From time to time a Seller of an appreciated business or property, who is interested in the Deferred Sales Trust (DST) will comment that the legal costs associated with setting up the DST are too high. But are they?
In my experience “Cost” is a relative term that should only really be defined in terms of the “Value” received for the cost. Is the cost for an operation that can save the life of your child too high? How about a quality pair of shoes that will last you 10 years, vs a cheaply made product that you will have to replace every 6 months?
Take the DST, there is a fairly standard fee schedule for setting up the legal structure and helping manage the closing of the transaction equal to 1.5% of the first $1,000,000 in selling price and 1.25% of the sales price which exceeds $1,000,000.
Take a hypothetical sale for $1,000,000 where the seller/taxpayer would be exposed to $250,000 in capital gains and related taxes in a pure direct and taxed sale, without tax deferral.
The legal and set up costs for creating the DST would be about $15,000. Let’s further assume that the seller/taxpayer intended to reinvest his or her proceeds to generate a 5% annual income stream.
If he or she had paid all their taxes in the year of sale, he or she would generate $750,000 x 5% = $37,500 in annual income on the invested proceeds.
If instead the seller/taxpayer were able to defer the capital gains taxes until many years down the road, he or she would generate $1,000,000 x 5% = $50,000 in annual income.
If the legal and set up costs were $15,000 the seller/taxpayer would break even at the end of the first year. In future years they would continue to generate an additional $15,000 per year than if they had paid all their taxes up front. Over say 10 years, that puts $150,000 more in the seller’s pocket than would a direct and immediately taxed transaction. It may also be important to recognize that receiving your sales proceeds in installments over time (plus interest) can help you lower the tax brackets you will pay tax in, resulting in further net income gains.
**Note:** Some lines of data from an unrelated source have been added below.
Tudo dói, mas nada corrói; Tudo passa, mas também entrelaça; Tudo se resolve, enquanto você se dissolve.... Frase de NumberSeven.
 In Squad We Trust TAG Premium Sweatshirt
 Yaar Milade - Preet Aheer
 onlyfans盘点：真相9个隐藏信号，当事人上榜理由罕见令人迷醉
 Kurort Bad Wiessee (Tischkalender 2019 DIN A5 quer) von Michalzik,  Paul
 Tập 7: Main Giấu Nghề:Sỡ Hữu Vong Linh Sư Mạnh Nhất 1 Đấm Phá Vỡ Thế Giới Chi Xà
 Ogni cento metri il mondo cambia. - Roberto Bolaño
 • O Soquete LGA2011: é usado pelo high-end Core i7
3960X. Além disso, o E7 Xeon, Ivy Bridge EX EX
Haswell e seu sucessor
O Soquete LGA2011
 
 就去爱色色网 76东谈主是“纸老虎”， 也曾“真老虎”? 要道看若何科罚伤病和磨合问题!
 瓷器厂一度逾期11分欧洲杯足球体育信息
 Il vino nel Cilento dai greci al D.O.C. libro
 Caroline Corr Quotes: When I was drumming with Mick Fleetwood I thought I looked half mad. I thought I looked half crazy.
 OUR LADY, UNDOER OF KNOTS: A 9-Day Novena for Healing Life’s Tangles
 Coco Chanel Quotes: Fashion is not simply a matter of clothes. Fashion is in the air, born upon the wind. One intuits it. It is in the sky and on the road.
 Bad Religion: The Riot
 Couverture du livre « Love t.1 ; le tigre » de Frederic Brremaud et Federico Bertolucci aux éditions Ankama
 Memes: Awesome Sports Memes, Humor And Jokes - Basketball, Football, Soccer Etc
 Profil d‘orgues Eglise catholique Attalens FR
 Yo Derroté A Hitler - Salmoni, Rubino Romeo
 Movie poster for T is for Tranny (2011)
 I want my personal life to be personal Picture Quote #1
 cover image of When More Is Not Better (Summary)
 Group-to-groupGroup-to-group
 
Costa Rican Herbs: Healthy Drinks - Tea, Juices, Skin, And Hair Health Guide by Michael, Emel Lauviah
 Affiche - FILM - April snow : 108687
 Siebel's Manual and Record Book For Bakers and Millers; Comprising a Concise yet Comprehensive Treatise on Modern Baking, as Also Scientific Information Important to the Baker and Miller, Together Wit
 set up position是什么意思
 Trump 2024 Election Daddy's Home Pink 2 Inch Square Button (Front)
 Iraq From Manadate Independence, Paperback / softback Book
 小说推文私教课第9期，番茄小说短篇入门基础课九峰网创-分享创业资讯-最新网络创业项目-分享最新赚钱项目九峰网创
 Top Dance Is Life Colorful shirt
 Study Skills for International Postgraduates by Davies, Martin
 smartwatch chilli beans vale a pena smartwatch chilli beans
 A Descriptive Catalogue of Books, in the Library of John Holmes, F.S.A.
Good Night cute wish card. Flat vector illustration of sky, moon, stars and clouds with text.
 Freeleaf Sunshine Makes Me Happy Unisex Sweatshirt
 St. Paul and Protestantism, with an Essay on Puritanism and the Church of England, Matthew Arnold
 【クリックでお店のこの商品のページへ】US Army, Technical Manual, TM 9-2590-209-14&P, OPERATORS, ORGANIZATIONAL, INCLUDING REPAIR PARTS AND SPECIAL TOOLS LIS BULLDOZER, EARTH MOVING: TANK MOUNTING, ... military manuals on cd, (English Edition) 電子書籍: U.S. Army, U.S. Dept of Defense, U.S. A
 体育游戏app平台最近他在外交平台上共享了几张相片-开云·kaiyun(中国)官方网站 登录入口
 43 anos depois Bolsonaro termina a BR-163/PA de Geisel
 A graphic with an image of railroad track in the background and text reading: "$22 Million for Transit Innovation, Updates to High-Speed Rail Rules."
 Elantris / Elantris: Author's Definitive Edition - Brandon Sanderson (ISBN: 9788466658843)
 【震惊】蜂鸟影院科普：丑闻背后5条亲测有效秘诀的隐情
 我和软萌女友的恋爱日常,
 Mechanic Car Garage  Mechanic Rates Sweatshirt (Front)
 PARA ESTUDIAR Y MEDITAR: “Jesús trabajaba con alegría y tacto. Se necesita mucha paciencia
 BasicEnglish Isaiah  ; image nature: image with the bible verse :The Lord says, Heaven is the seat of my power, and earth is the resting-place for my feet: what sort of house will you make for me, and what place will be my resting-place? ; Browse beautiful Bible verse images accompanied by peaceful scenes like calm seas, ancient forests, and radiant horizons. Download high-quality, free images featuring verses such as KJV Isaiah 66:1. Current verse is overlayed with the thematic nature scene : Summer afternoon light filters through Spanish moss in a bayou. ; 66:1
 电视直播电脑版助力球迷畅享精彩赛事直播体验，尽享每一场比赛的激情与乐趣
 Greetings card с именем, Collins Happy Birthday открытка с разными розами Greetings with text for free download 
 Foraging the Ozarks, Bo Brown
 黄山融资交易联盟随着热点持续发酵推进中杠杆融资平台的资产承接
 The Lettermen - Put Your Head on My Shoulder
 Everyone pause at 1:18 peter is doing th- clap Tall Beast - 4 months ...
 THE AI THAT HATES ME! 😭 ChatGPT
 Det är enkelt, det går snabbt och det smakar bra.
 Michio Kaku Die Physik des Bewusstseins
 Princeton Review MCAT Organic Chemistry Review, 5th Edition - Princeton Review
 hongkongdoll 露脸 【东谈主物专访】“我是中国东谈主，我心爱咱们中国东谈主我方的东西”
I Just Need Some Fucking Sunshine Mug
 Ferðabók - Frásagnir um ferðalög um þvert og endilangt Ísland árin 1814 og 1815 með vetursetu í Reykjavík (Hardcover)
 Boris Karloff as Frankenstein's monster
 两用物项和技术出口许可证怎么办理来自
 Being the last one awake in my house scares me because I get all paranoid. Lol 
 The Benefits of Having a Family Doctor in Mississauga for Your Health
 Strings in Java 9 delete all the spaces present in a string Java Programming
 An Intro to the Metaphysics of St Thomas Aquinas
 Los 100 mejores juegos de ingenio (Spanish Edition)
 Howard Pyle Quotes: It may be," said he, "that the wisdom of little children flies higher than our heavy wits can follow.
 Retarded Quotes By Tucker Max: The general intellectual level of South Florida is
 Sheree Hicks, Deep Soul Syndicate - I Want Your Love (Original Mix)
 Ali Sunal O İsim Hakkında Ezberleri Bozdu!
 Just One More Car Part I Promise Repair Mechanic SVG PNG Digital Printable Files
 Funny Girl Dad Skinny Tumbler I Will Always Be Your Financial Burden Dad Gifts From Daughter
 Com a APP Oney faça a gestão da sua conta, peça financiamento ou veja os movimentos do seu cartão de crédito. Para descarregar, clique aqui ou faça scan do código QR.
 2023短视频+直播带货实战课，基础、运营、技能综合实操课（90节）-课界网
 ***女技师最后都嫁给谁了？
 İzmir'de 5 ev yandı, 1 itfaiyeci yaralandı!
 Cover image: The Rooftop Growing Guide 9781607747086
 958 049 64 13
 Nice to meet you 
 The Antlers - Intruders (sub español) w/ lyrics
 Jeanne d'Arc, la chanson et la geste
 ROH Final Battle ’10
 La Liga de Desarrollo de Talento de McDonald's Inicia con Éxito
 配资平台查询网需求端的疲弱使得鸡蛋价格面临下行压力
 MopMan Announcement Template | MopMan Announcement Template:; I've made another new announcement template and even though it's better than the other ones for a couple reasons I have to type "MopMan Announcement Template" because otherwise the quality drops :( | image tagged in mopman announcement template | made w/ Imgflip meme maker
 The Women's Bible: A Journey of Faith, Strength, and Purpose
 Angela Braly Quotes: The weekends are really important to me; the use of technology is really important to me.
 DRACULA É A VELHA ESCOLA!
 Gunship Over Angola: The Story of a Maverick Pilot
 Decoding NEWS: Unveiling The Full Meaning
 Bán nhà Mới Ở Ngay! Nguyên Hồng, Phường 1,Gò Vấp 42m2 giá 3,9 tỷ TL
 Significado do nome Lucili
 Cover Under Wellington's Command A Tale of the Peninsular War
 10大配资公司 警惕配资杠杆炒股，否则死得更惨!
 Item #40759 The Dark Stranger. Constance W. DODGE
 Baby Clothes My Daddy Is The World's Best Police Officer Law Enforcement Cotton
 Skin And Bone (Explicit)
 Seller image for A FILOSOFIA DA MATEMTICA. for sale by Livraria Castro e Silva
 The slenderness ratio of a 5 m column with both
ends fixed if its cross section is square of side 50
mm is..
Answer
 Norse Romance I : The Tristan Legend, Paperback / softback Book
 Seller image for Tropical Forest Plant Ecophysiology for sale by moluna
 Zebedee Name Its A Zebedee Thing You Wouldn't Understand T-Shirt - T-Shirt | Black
Think of your installments like you would your IRA. Most people choose to withdraw from their IRA from year to year, only the amounts necessary to meet their obligations or maintain their preferred lifestyle. Who in their right mind would cash out their IRA if they had no need to consume the entire proceeds in a given year?
Relative to the breakeven point, most business owners and entrepreneurs will make a value decision related to investments in their companies, such as in equipment or technology. Often the business owner will want that new investment to generate additional value in terms of revenue or cost savings to have a breakeven point of 18 months to 2 years in order to justify the investment. Anything beyond the breakeven point is pure profit.
The DST as well should be evaluated not strictly on the cost, but on the value it can generate for you, as yes perhaps part of the analysis is the breakeven point.